Most studios have their own environment variables setup, so you can normally reference those by using the (env) command in the shell to list all the environment variables available. To set up environment variables you can use (setenv), how the env variables are stored is dependant on where you set them. In my .cshrc I have these setup to affect any shell I open.

# Setup env variables for OpenEXR viewers.
setenv EXR_DISPLAY_VIDEO_GAMMA 2.2
setenv CTL_DISPLAY_CHROMATICITIES "red 0.6400 0.3300 green 0.3000 0.6000 blue 0.1500 0.0600 white 0.3127 0.3290"

If you want to just affect the current shell your in, you can type these out or use aliases to set variables.

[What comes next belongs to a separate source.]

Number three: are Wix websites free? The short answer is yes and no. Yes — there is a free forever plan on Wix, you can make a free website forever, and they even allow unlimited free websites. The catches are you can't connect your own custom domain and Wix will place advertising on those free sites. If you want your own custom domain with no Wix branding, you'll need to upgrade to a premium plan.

# Set which project and shot I'm working on.
alias setshot 'setenv PROJECT \!:1; setenv SHOT \!:2;'

(\!:1) and (\!:2) are command lines arguments. Now when I type…

setshot myproj myshot

I now have two env variables called $PROJECT and $SHOT that my (myren) alias can reference.

# So this command...
myren
# Is the same as running...
cd /prj/myproj/myshot/maya/renders

My final .cshrc file looks something like this…

# Colors!
set     red="%{\033[1;31m%}"
set   green="%{\033[0;32m%}"
set  yellow="%{\033[1;33m%}"
set    blue="%{\033[1;34m%}"
set magenta="%{\033[1;35m%}"
set    cyan="%{\033[1;36m%}"
set   white="%{\033[0;37m%}"
set     end="%{\033[0m%}" # This is needed at the end... 🙁

# Set up the prompt...
set prompt="\n%B${green}`whoami`@`hostname -s`${white}%b %P %D/%W/%y ${blue}%// \n ${white}> ${end}"

# Clean up after ourselves...
unset red green yellow blue magenta cyan yellow white end

# Set shell behaviour...
set filec
set autolist set color set colorcat
set nobeep

# Setup aliases...
alias ll 'ls -lh --color=auto'
alias lr 'ls -ltrh --color=auto'
alias duho 'du -h --max-depth 1'
alias resource 'source ~/.cshrc'
alias remwhite 'rename "y/ /_/" *'
alias copy 'rsync --progress'

# Setup environment variables.
setenv EXR_DISPLAY_VIDEO_GAMMA 2.2
setenv CTL_DISPLAY_CHROMATICITIES "red 0.6400 0.3300 green 0.3000 0.6000 blue 0.1500 0.0600 white 0.3127 0.3290"

# Setup alias for which Project and Shot I'm working on.